Exclure l’Algérie du Conseil de Paix consolide son isolement et affaiblit sa présence dans les dossiers de règlement international

À l’heure où les efforts internationaux s’intensifient pour réorganiser la voie d’après-guerre dans la bande de Gaza, l’absence deest devenu évident AlgérieÀ propos du « Conseil de paix » dirigé par le président américainDonald TrumpIl comprend un certain nombre de pays arabes actifs, dontMaroc**Émirats arabes unis**, **Arabie saoudite**, **Égypte** et **Jordanie**.

Les observateurs estiment que cette absence n’est pas lue comme un événement isolé, mais plutôt comme un épisode supplémentaire dans le processus de déclin diplomatique et de recul politique qui a caractérisé la présence algérienne ces dernières années, ce qui a remis sur le devant de la scène les questions sur son véritable poids dans les dossiers régionaux et internationaux, notamment la question palestinienne, que l’autorité algérienne a toujours érigée en slogan central de son discours extérieur.

Selon les lectures de ceux qui s’intéressent aux affaires régionales, l’exclusion de l’Algérie de ce cadre international reflète une réalité diplomatique de crise, avec laquelle elle s’est transformée d’un acteur revendiquant l’initiative à un parti marginal dans les moments charnières de redessiner les cartes des solutions politiques. Ils attribuent cette situation à des choix politiques non calculés qui ont affaibli la position du pays et l’ont éloigné des cercles de coordination effective, que ce soit dans le dossier de Gaza ou dans d’autres crises.

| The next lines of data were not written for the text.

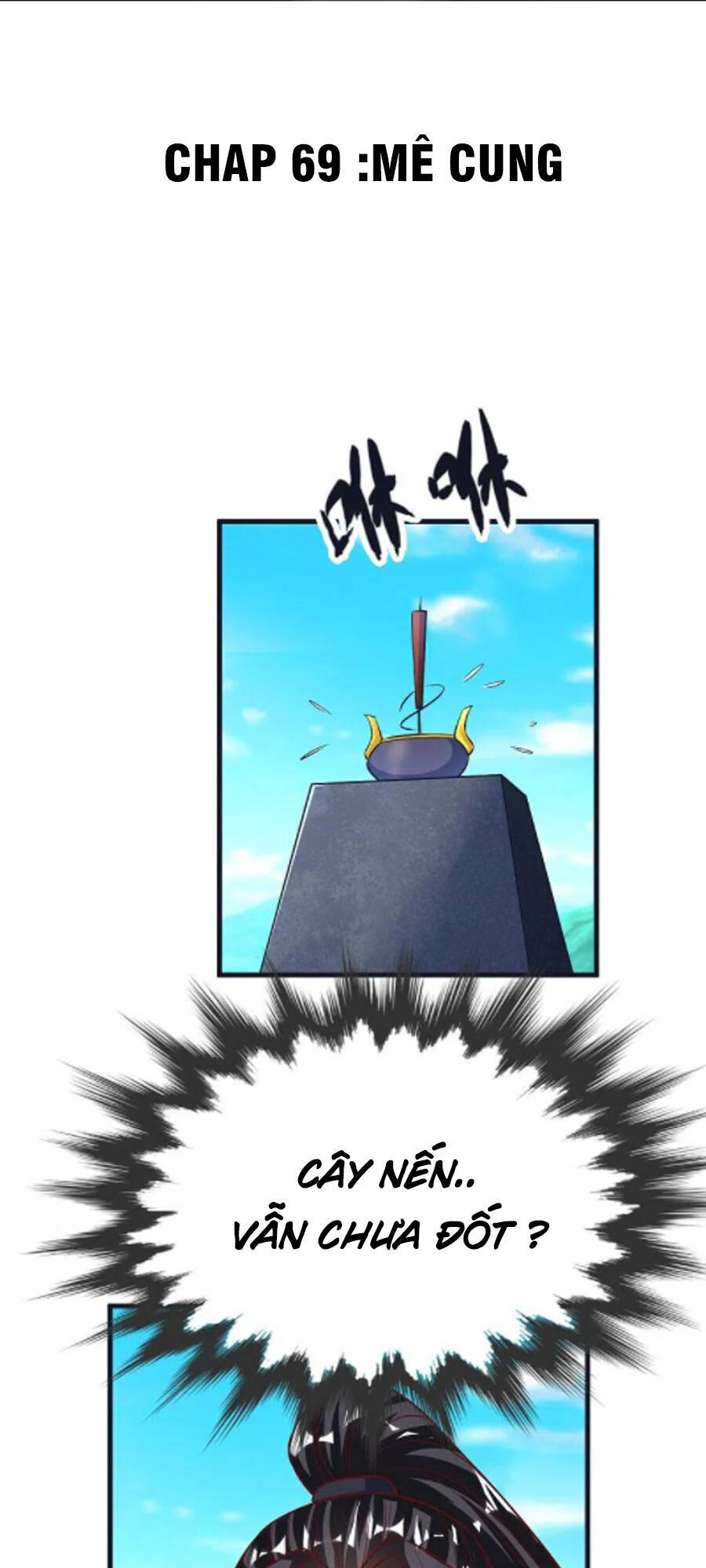 Chí Tôn Trời Hoang Chapter 69 - Trang 0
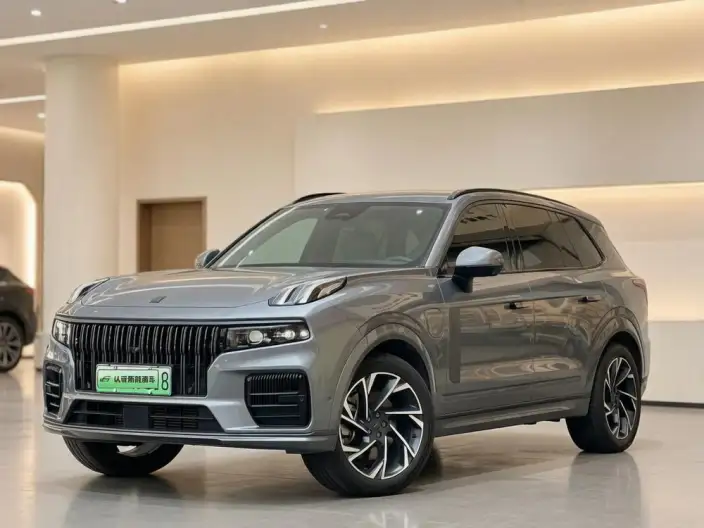 Lynk & Co 09 EM-P 2021 Model 2.0TD Performance version VI seat Halo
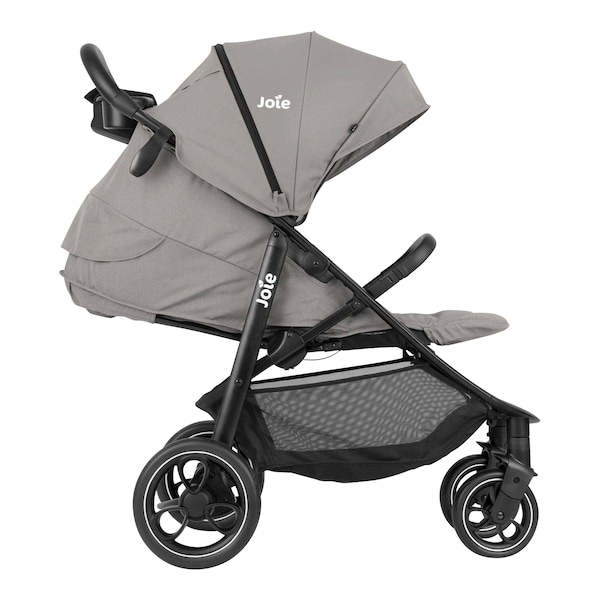 babywalz JoieSportwagen Litetrax Pro pebble Preisnachlass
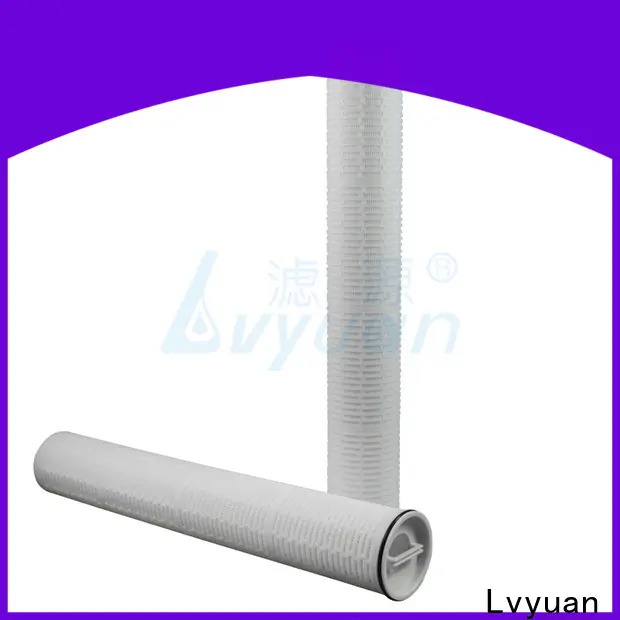 efficient high flow water filter replacement for sale 1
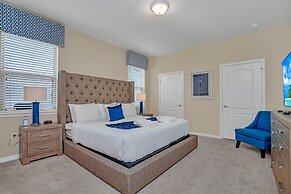 Grand 8BD Villa With Themed Rooms and Game Room! Close to Disney! #8ws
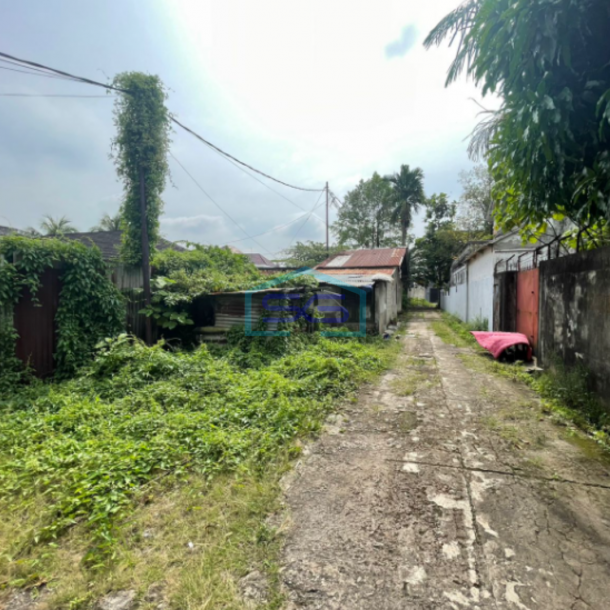 Disewakan Tanah Jalan Veteran di Samping SOMA Palembang Luas 1000m2-2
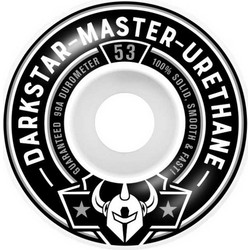 DARKSTAR Responder 53χιλ. Ροδάκια - Ασημί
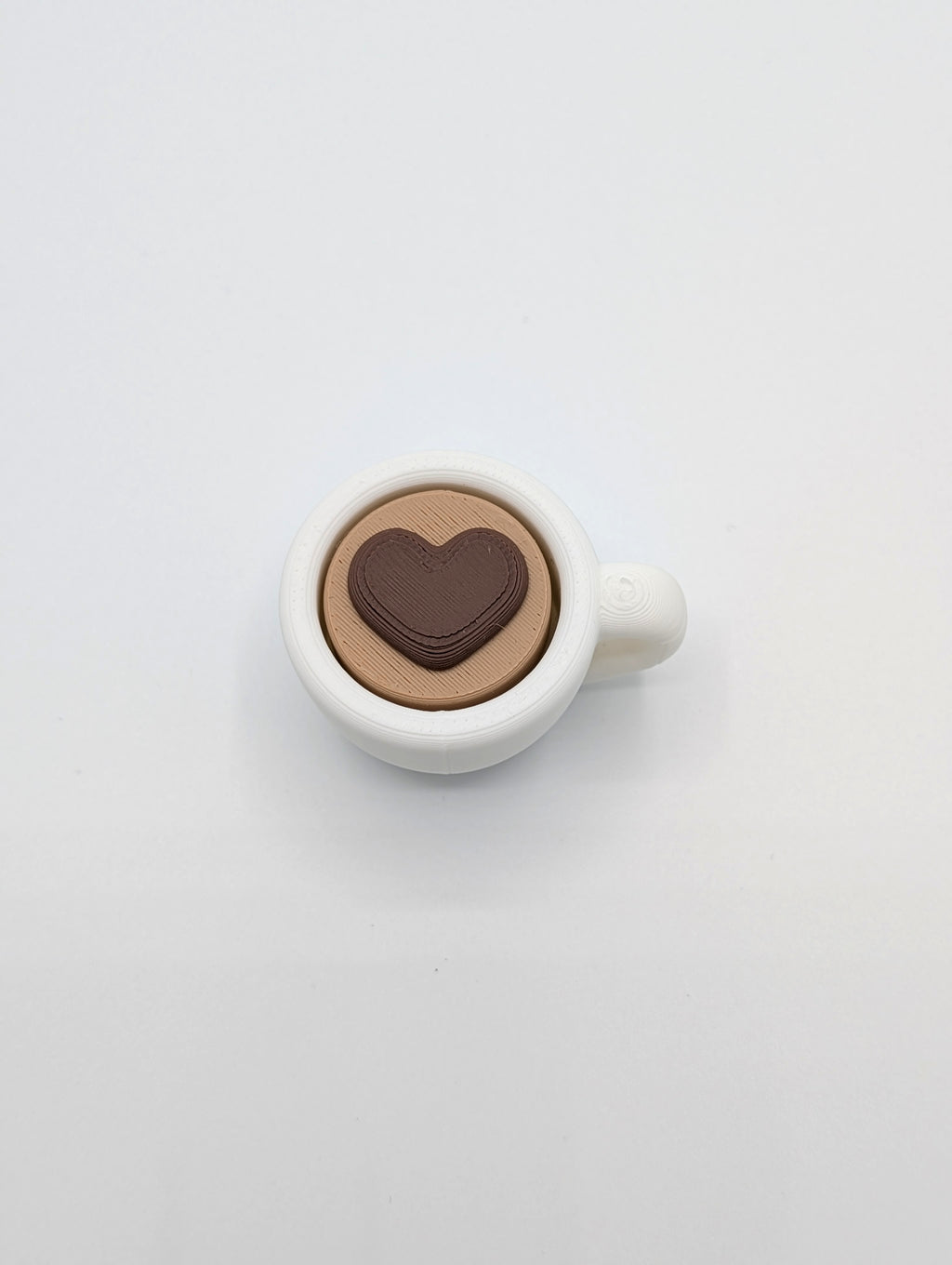 Clicker tazzina di caffè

Dans ce contexte, l’opposant algérien Chawki Ben Zahra a estimé que le fait de ne pas inviter l’Algérie à rejoindre le Conseil de la paix incarne pratiquement l’état d’isolement qu’elle connaît aux niveaux régional et international. Il a ajouté que toute invitation potentielle, si elle avait existé, aurait été exagérée par le régime comme une « reconnaissance du poids de l’Algérie », ce qui n’a pas eu lieu, comme il l’a dit.

Ben Zahra a souligné que les manifestations du déclin diplomatique algérien sont devenues claires, à commencer par l’échec de l’adhésion aux grands blocs internationaux, jusqu’aux revers enregistrés dans les dossiers régionaux sensibles, notamment le dossier du Sahara et du Sahel et les relations avec les partenaires européens. Il estime que les tentatives de retour sur le devant de la scène en s’appuyant sur des questions internationales, comme la Palestine, l’Ukraine ou le Soudan, n’ont pas produit de résultats tangibles.

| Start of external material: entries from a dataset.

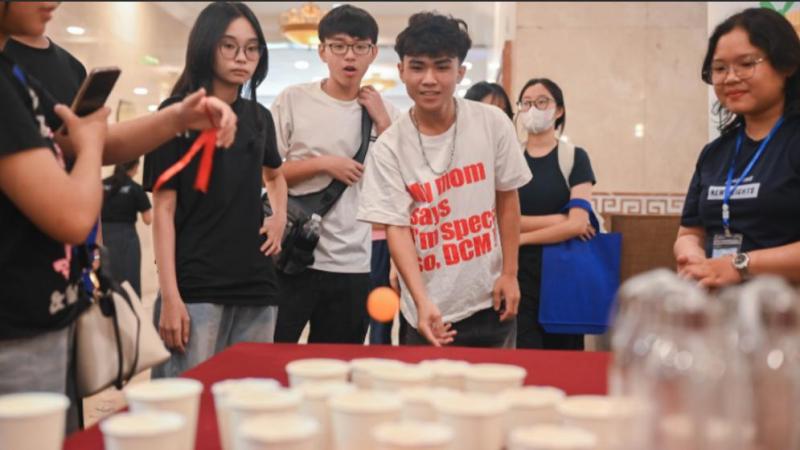 Săn học bổng lên đến 100% tại Triển lãm Du học Quốc tế tháng 9/2025- Ảnh 4.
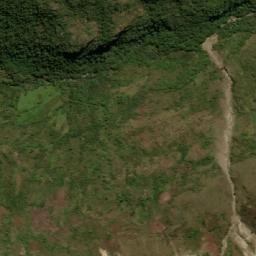 Satellite imagery of Cerro Loma Gorda, PE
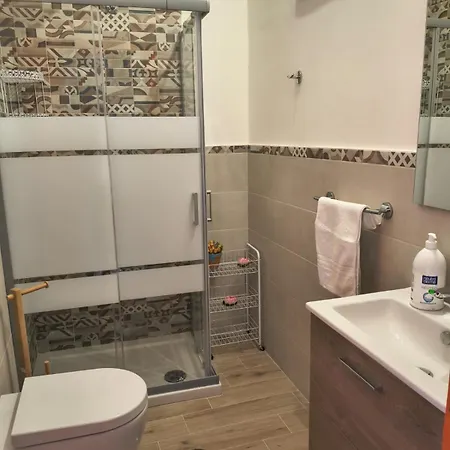 شقة La Casa Dei Nonni أَجيرولا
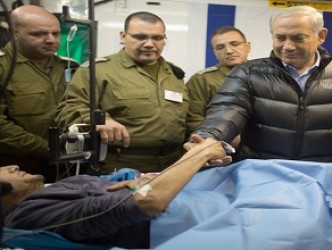 Photo of Korsan İsrail’de Suriyeli 1400 muhalif teröristin tedavisi gerçekleşti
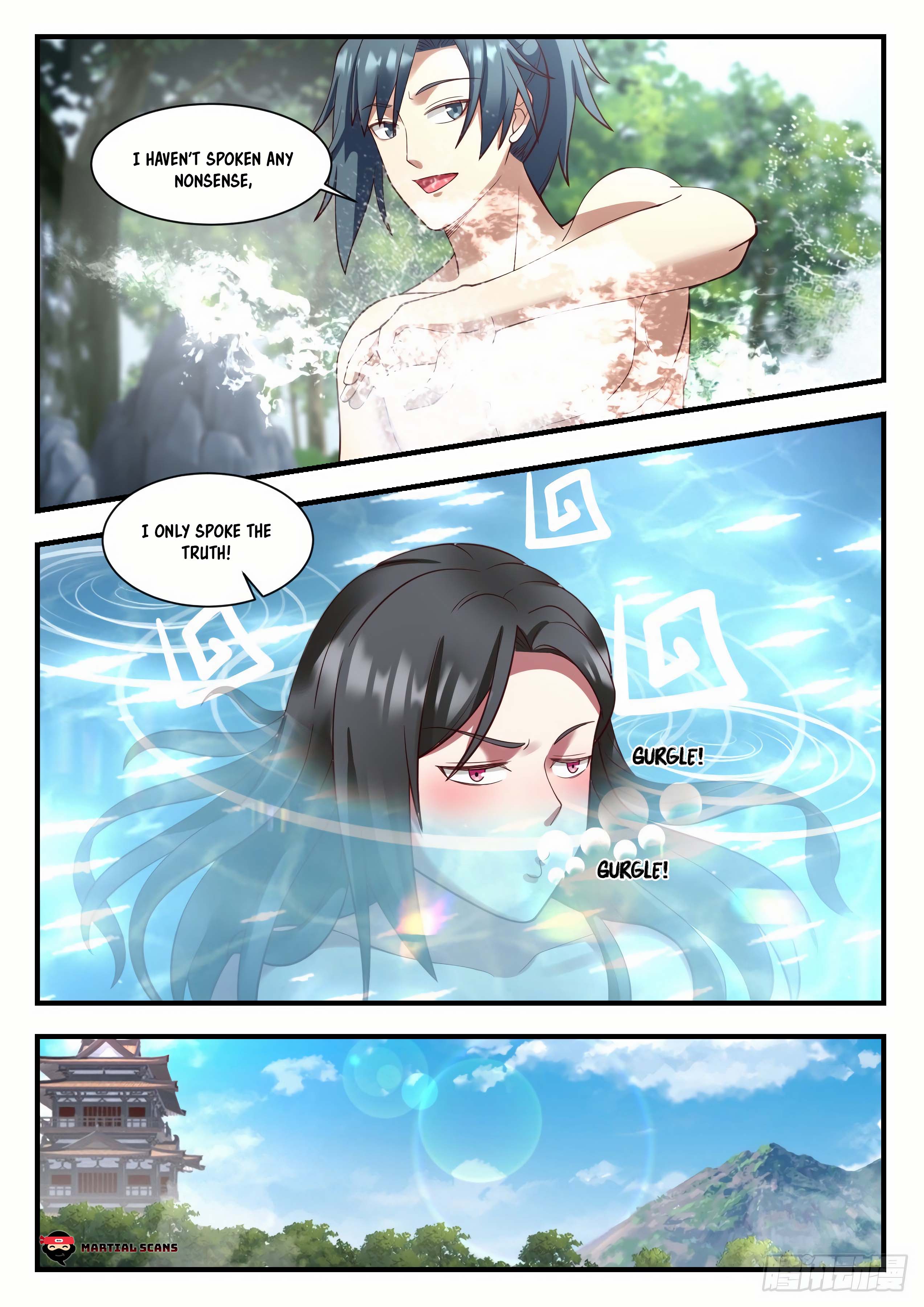 Martial Peak Chapter 925 page 5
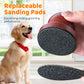 🐕Lime à ongles en bois pour animaux avec recharges remplaçables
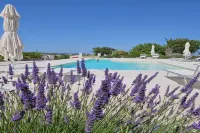 Manor in Marche with Pool and Adriatic Views - Villas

De son côté, l’analyste politique algérien résidant en France, Rafik Bouhlel, a estimé que l’absence de l’Algérie au Conseil de paix reflète une prise de conscience internationale, notamment de Washington, de son incapacité à contribuer aux voies de règlement, estimant que le régime algérien, selon lui, alimente les conflits plus qu’il n’y apporte de solutions.

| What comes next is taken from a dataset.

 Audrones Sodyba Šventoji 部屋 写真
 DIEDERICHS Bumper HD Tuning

Bouhlel a ajouté que les relations tendues de l’Algérie avec les pays influents de son entourage arabe et méditerranéen, outre ses positions dures sur les questions qui préoccupent l’administration américaine, lui ont fait perdre les éléments d’attractivité politique et l’ont mise en dehors des calculs des initiatives majeures visant à établir des solutions durables dans la région.

L’orateur a conclu que la sélection des pays participant au Conseil de paix était basée sur le critère de l’efficacité et de la capacité d’influence, soulignant que la présence de pays comme le Maroc reflète, selon lui, une reconnaissance de leur rôle pratique dans le soutien des chemins de stabilité, par opposition au repli de l’Algérie dans la position de spectateur, malgré les tentatives de conquête des partenaires internationaux avec des démarches qui n’ont pas changé la réalité de son isolement croissant.